So using IPP allocated data with the IPP routines yields a perfomance gain of about 25% (it may be higher for more complex operations than multiply and add). If the operation is used on a unaligned data buffer, IPP performs a little bit slower (while the JUCE operations don’t seem to care about the allocation type).

Conclusion:

To really benefit from IPP, we really need to make sure that the data is IPP allocated. Using the IPP routines on AudioSampleBuffer data is only useful if it allocating it elsewhere and using AudioBuffer::setDataToReferTo.


#20

I assume the code could go along side the non IPP/AMD alternative using #if HAS_IPP. Here are some code that can be replaced. 32s is an int.
———————————————————
Type findMinimum (const Type* data, int numValues)
could be

ippsMin_32s(data, numValues, &result);
ippsMin_32f(data, numValues, &result);
ippsMin_64f(data, numValues, &result);

———————————————————
findMaximum (const Type* values, int numValues)
or for peaks there is a MaxAbs(or i.e. MaxAbs[{8.0,-15.0,3.0}]=15.0
could have

ippsMax_32s(data, numValues, &result);
ippsMax_32f(data, numValues, &result);
ippsMax_64f(data, numValues, &result);
———————————————————
findMinAndMax (const Type* values, int numValues, Type& lowest, Type& highest)
is
ippsMinMax_32f(const Ipp32f* pSrc, int len, Ipp32f* pMin, Ipp32f* pMax);
———————————————————
There are a whole lot of threshold functions that are very different to JUCE threshold tests. Anyone got any thoughts? I love the IPP threshold functions.
———————————————————

For anyone happy to contribute some other obvious useful non FFT functions are below. It would be great to have non IPP/AMD alternatives.
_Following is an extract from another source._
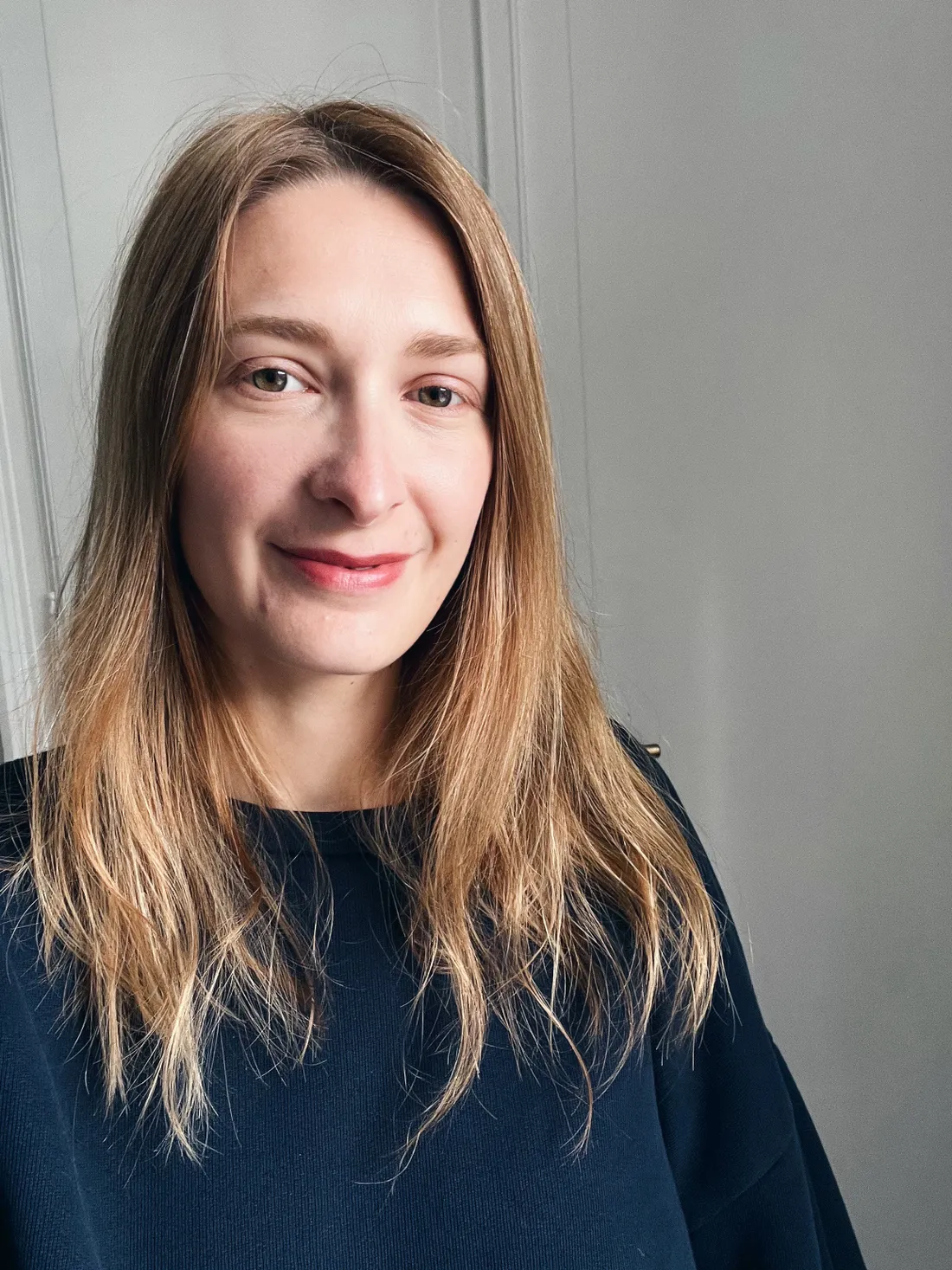 Žena s dlouhými blond vlasy v tmavě modrém triku proti světlé stěně.
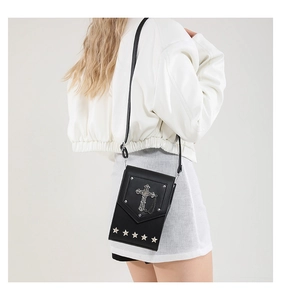 Detail of gothic black leather crossbody bag with silver cross and star rivets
ippsNorm_L2_32f(const Ipp32f* pSrc, int len, Ipp32f* pNorm);
is the function is a RMS of the source over the length passed to the norm
———————————————————
ippsDotProd_32f(const Ipp32f* pSrc1, const Ipp32f* pSrc2, int len, Ipp32f* pDp);
is the dot product of src1 and src2 over the length passed to pDp
———————————————————

ippsSampleUp_32f (const Ipp32f* pSrc, int srcLen, Ipp32f* pDst, int* pDstLen, int factor, int* pPhase);
factor-1 is the number of zeros inserted
pPhase is the address that the pSrc starts on, i.e. 0 is the start, like in an array.
———————————————————
ippsSampleDown_32f (const Ipp32f* pSrc, int srcLen, Ipp32f* pDst, int* pDstLen, int factor, int* pPhase);
factor-1 is the number of samples removed
pPhase is the start address that the pSrc keeps, i.e. 0 is the start, like in an array.
———————————————————
I can provide a FFTforwardCCSToMagnitudeDb where the input is pSrc, an input length and an array of bin(hz) values. It would return an array of dB outputs for each hz values. I thought the input could be the bin values, but defined as HzValueRequired[index]= HzToBin(inputHz); The db could be a flag. The Hz conversion would be better in the constructor unless needed elsewhere.

The FFT FIRSR is easy, but it would be better if the constructor was hidden and appeared to only use impulse and impulse size. We could hide the spec, etc. I think the only function inputs should be block stream and block stream size. I can provide working code for FIRSR, but not in this neat format.

FFT, iFFT, PolarToCart and CartToPolar are easy, but yet again it would be good to hide the spec, etc.
Thanks